Todos los profesores debían ceder sus aulas por turnos.
– ¿Seguro que no te importa?
– Segurísimo.
– El señor Johnson dice que, si tenéis alguna queja, le metáis una nota en su buzón y hablará con la persona en cuestión. Se les ha dicho que dejen las aulas como se las encuentran. Si echas algo en falta, haré que te lleven lo que necesites.
– Gracias, Sheila, pero no necesito nada. Solo quería asegurarme de que no había duendes en mi clase.
La otra mujer soltó un bufido poco elegante.

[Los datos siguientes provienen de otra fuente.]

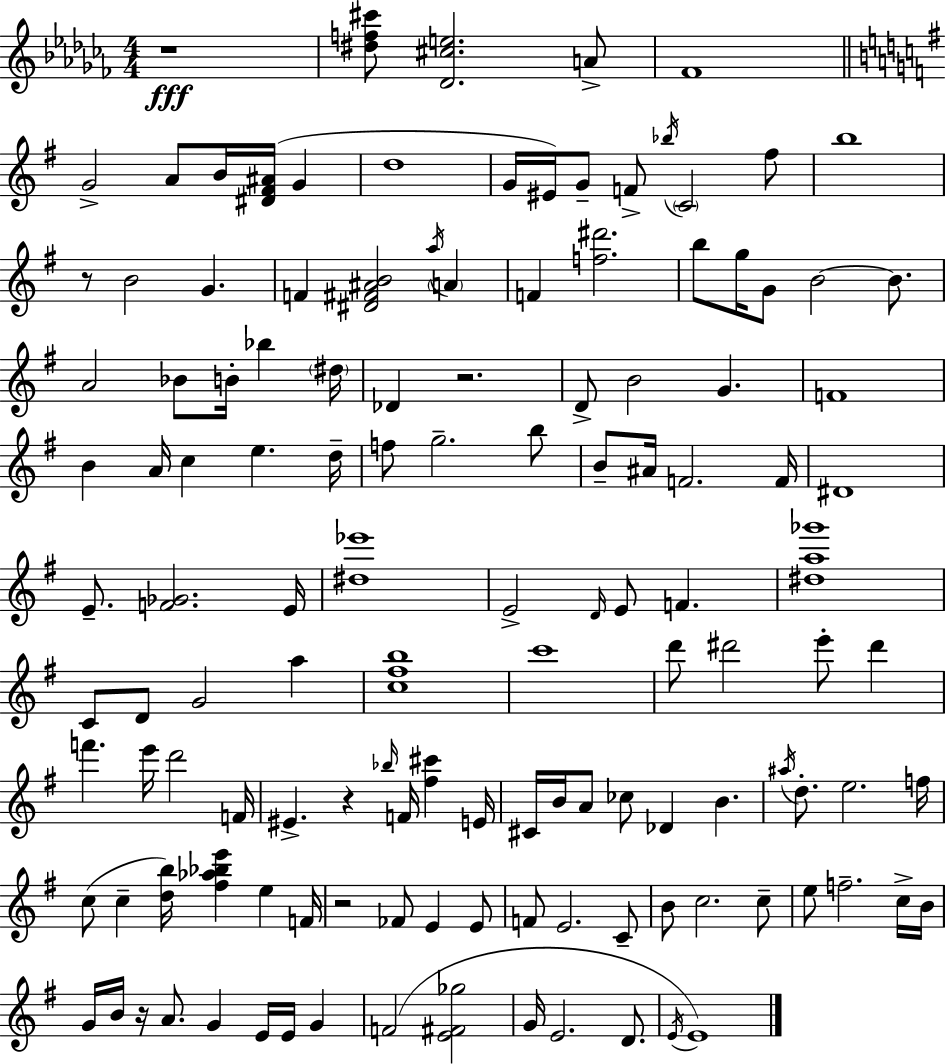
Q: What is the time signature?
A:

– A veces, los mayores son peor que los críos.
Las dos se echaron a reír, aunque en realidad aquello no tenía mucha gracia.
– Sheila, ¿podrías decirle a uno de tus ayudantes que me traiga una lista de los profesores que se encargaron de mis clases ayer? Quisiera darles las gracias.
– Claro.
– Luego nos vemos.
Apagó el intercomunicador y escribió en la pizarra un esquema del tema de Oriente Medio. Pero mientras escribía no dejaba de pensar en las palabras que acababa de borrar: Regla número uno: nunca dar nada por sentado.